▶ [About this task] Your answer should be the full data, transcribed exactly, with no pictures in it.

BEGIN Source material

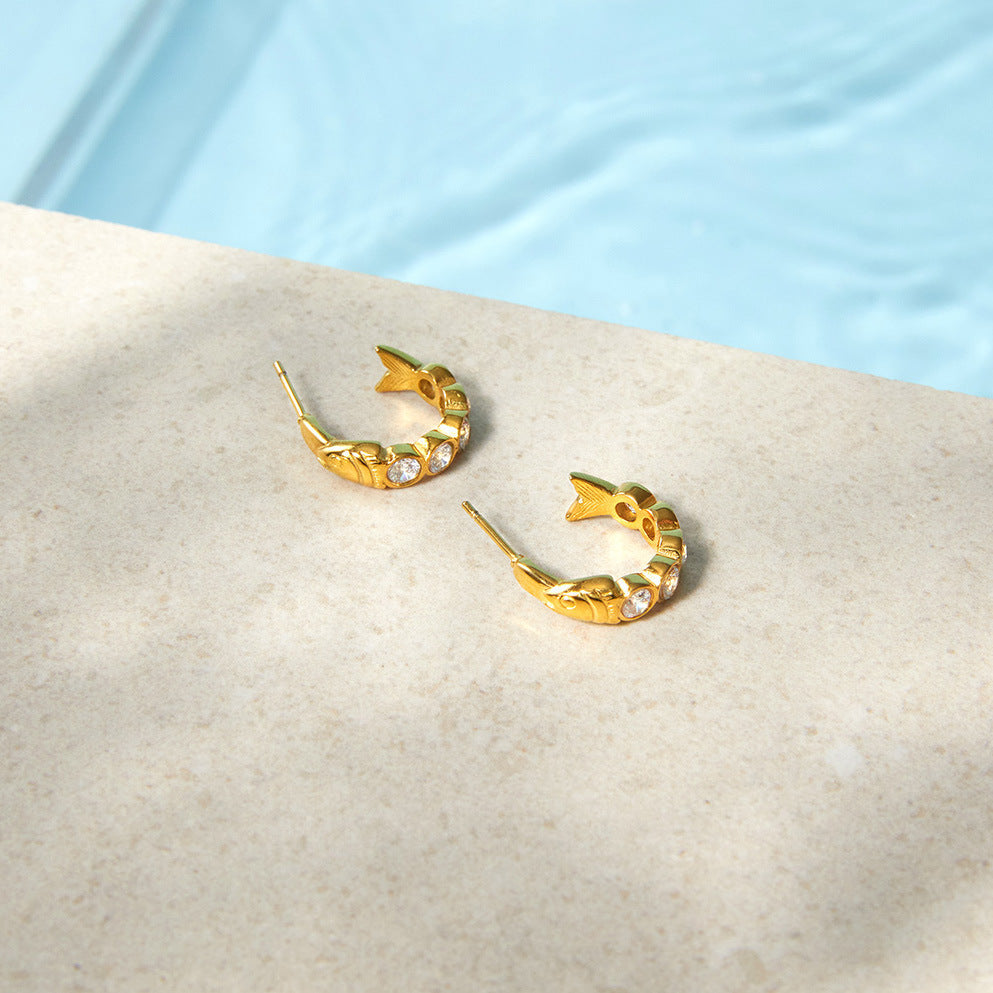 Zircon Fish C Hoop Earrings Vera Lux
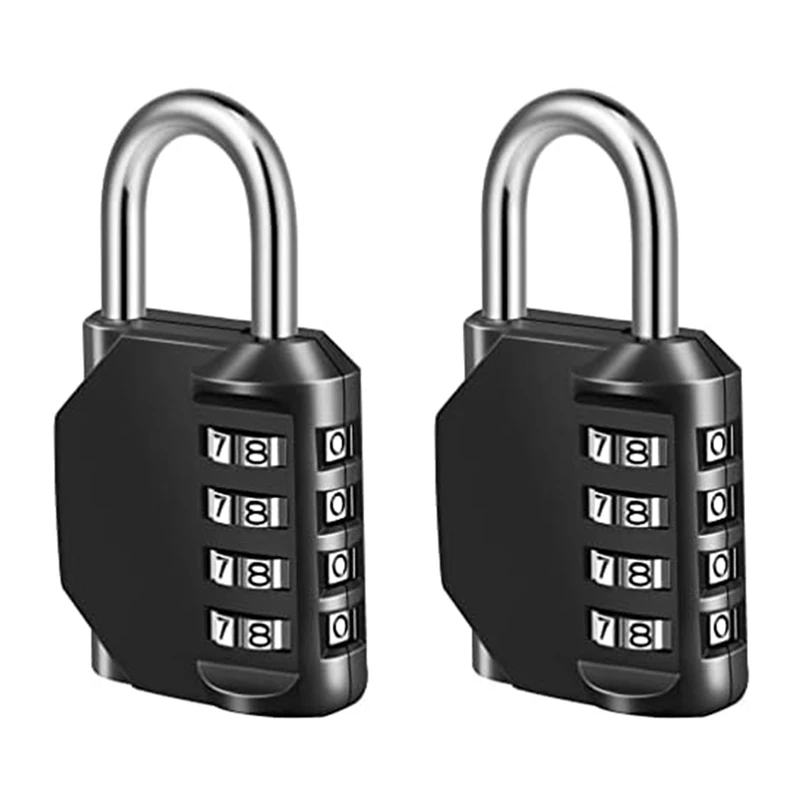 2Pcs 4-Digit Combination Padlock For Sports Lockers, Fences, Tool Boxes And Buckle Cabinets Easy To Use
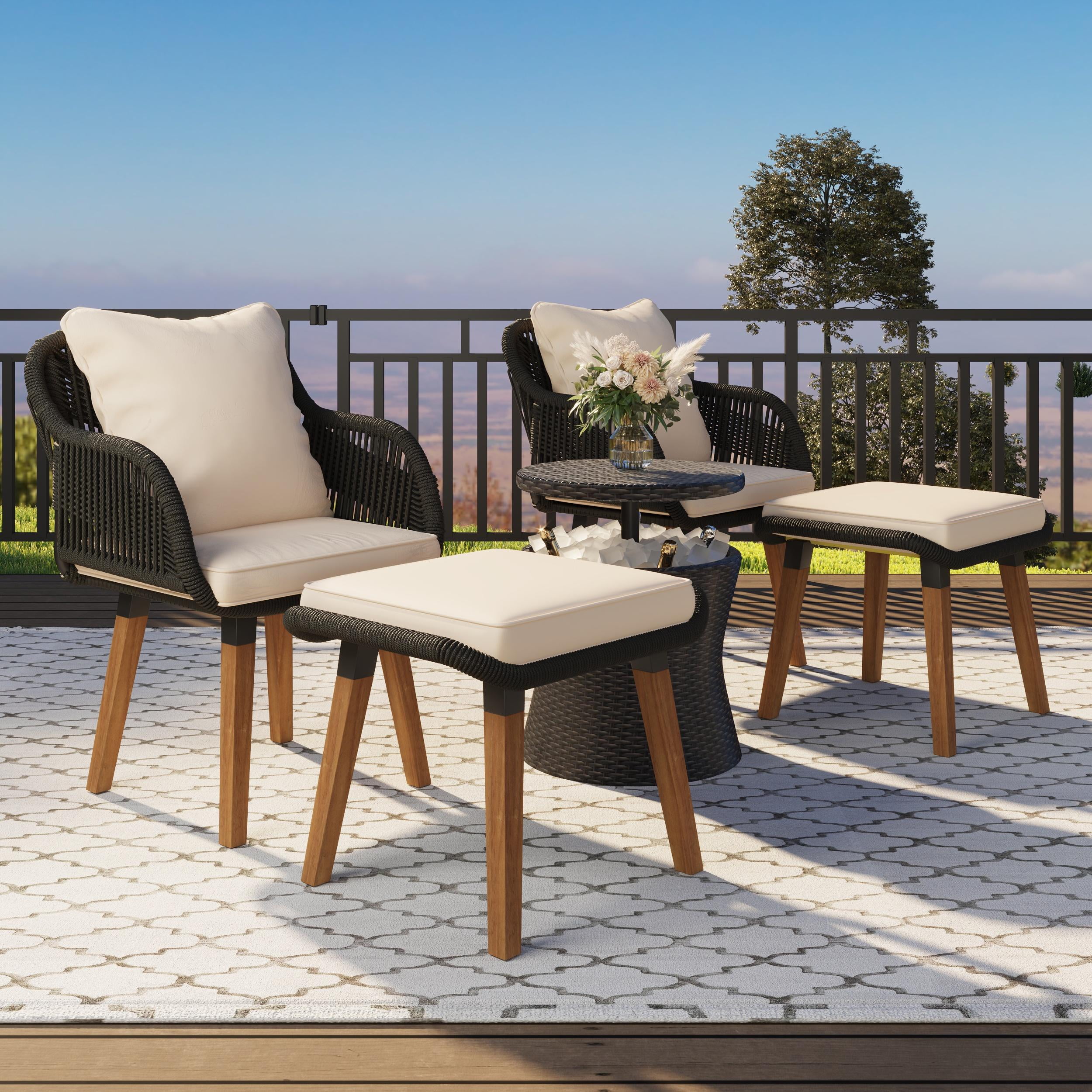 5 Piece Outdoor Rattan Furniture Set, Patio Cushioned Sofa Chairs with Ottoman Footrest and Cool Bar Table, All Weather Sectional Furniture Set with Beige Seat Cushion for Backyard, Deck, Balcony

END Source material

▶ [Written response]
 Zircon Fish C Hoop Earrings Vera Lux
 2Pcs 4-Digit Combination Padlock For Sports Lockers, Fences, Tool Boxes And Buckle Cabinets Easy To Use
 5 Piece Outdoor Rattan Furniture Set, Patio Cushioned Sofa Chairs with Ottoman Footrest and Cool Bar Table, All Weather Sectional Furniture Set with Beige Seat Cushion for Backyard, Deck, Balcony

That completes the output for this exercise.